Finland: Tougher restrictions needed in case border situation escalates, says Orpo

Prime Minister Petteri Orpo (NCP) and Interior Minister Mari Rantanen (Finns) held a press conference in Helsinki on Friday afternoon. (Markku Ulander/Lehtikuva)

Prime Minister Petteri Orpo (NCP) and Interior Minister Mari Rantanen (Finns) outlined the government’s proposal for a tougher new border law at a press conference on Friday afternoon.

The government’s Ministerial Committee on Foreign and Security Policy discussed the security situation on the eastern border with President Alexander Stubb earlier on Friday.

The government began circulating its proposal for opinions from experts and relevant agencies on Friday. The law is aimed at combating instrumentalized migration across the Russian border.

The Orpo cabinet wants to increase border authorities’ powers as a precaution in case the number of asylum seekers over the eastern border increases significantly or the frontier situation becomes otherwise more strained.

Possible violation of international treaties

The goal of the government’s proposal is to be able to immediately return asylum seekers to Russia along parts of the eastern border. The law would include exceptions for children, people with disabilities, and individuals in particularly vulnerable situations, for instance, said Sanna Palo, Chief of the Finnish Border Guard’s Legal Division.

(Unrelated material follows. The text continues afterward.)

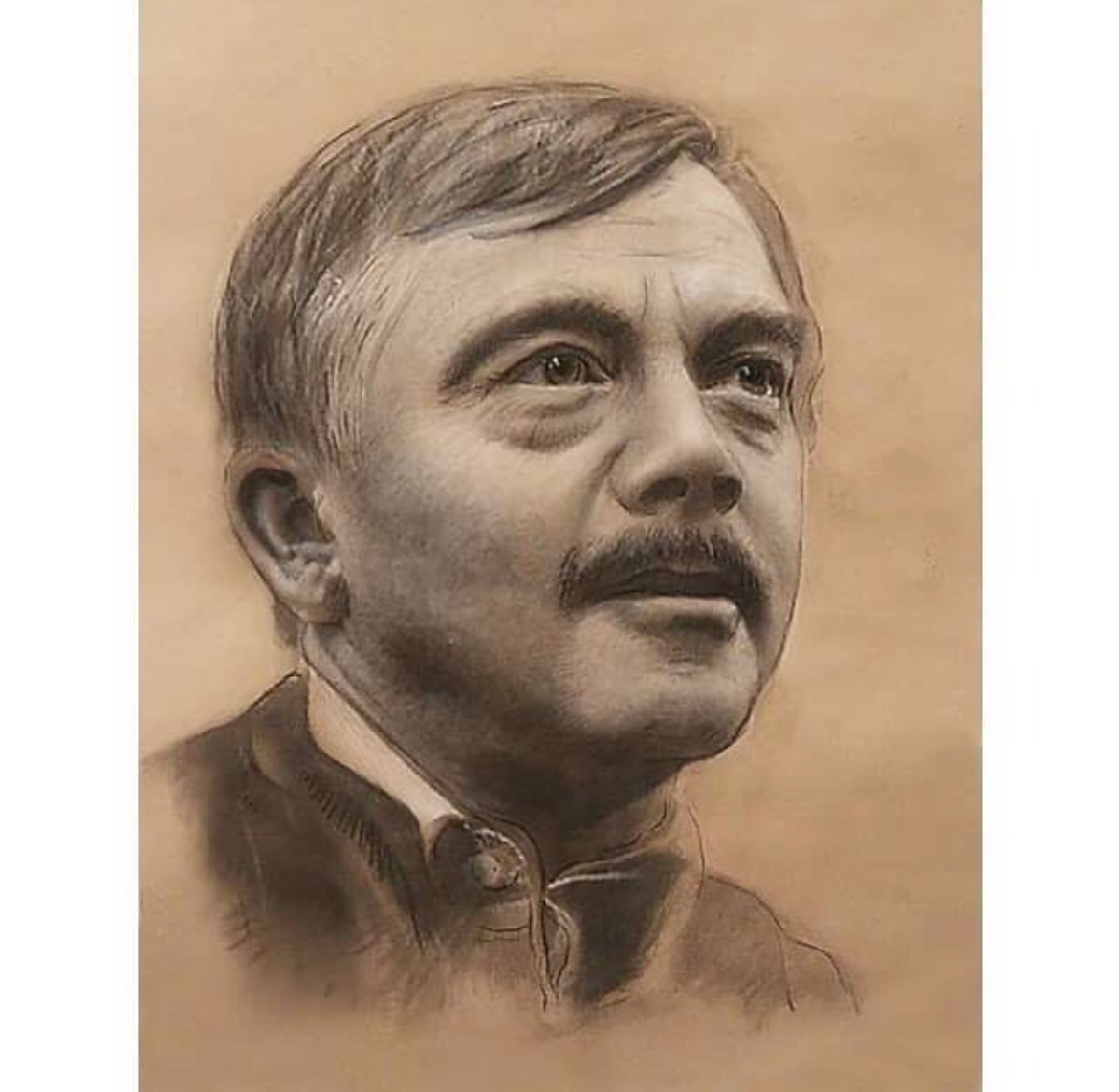 Kreslenie / maľba portrétov a iné - 15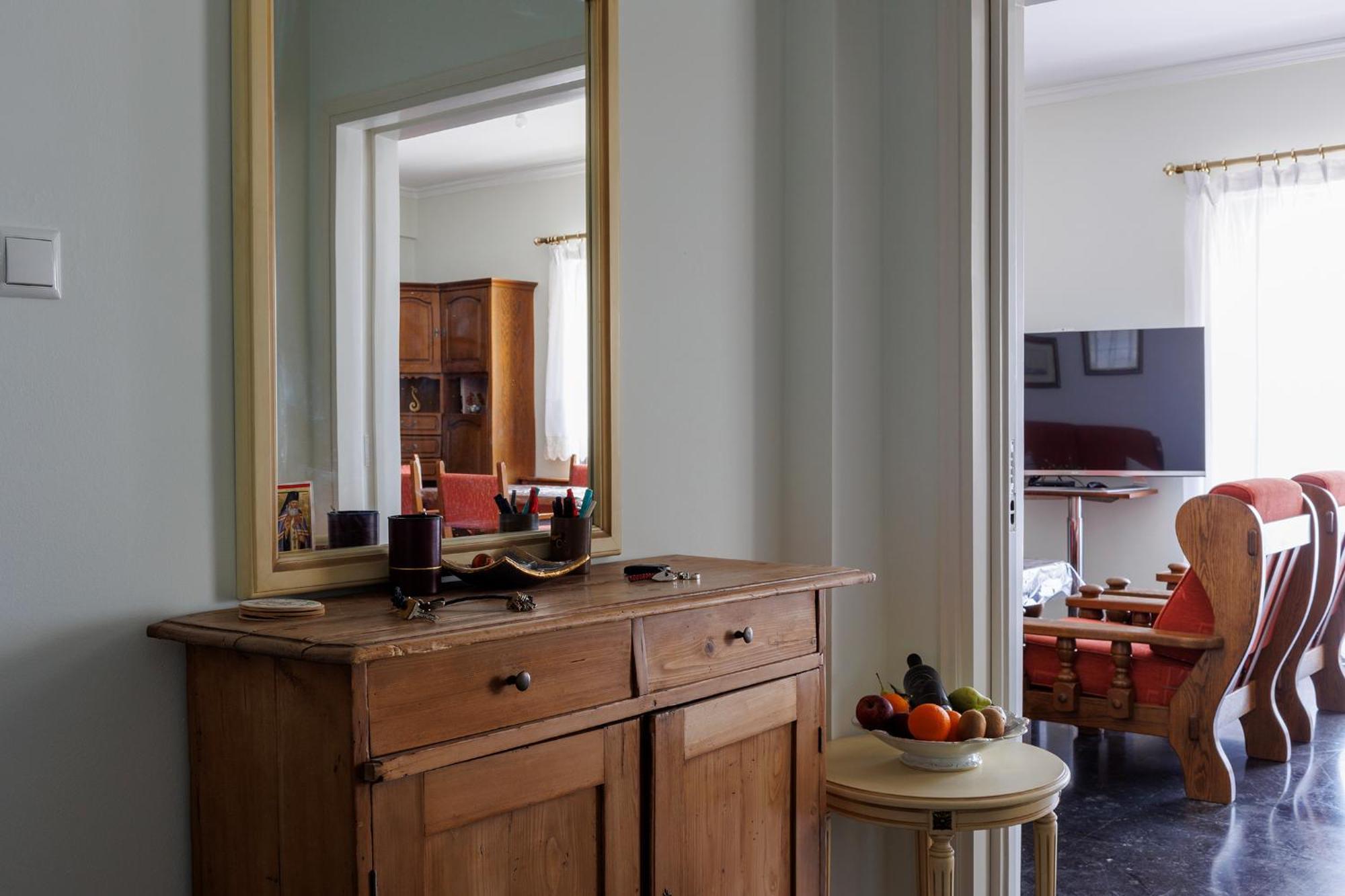 Penthouse Anneliese Διαμέρισμα Αθήνα Εξωτερικό φωτογραφία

She said the decision could be made for a maximum of one month at a time and would only apply to part of the Finnish border at a time.

Still, according to experts interviewed by Yle, this would be difficult to do without violating international agreements, which stipulate that everyone has the right to apply for asylum at a state border, and that applications must be processed.

The three officials speaking at the press conference dodged reporters’ repeated questions as to whether the bill might violate Finland’s constitution or its international treaties. If it does, a supermajority of MPs would be required for its passage, including support from some opposition MPs.

Timetable uncertain

Despite concerns about a possible new surge in arrivals this spring, the timetable for the law’s entry into force remains unclear.

“We must prepare for the fact the situation will get more difficult when spring arrives,” said Orpo.

There is still no consensus within the government on the motion, as the Swedish People’s Party has not yet approved the wording to be sent to Parliament.

The junior coalition partner has said it will await responses from the bill’s comment round before deciding if the text should be reformulated before submission to Parliament.

Yle’s parliamentary correspondent noted that it is unlikely that such an exceptional bill could be processed before the legislature’s summer break begins in June. In the past, the Constitutional Law Committee has sometimes rejected government bills it deems to be unconstitutional.

Due to concerns over instrumentalized migration orchestrated by Russia, Finland’s eastern border has been mostly closed to passenger traffic since last autumn, and will remain shut until at least 14 April.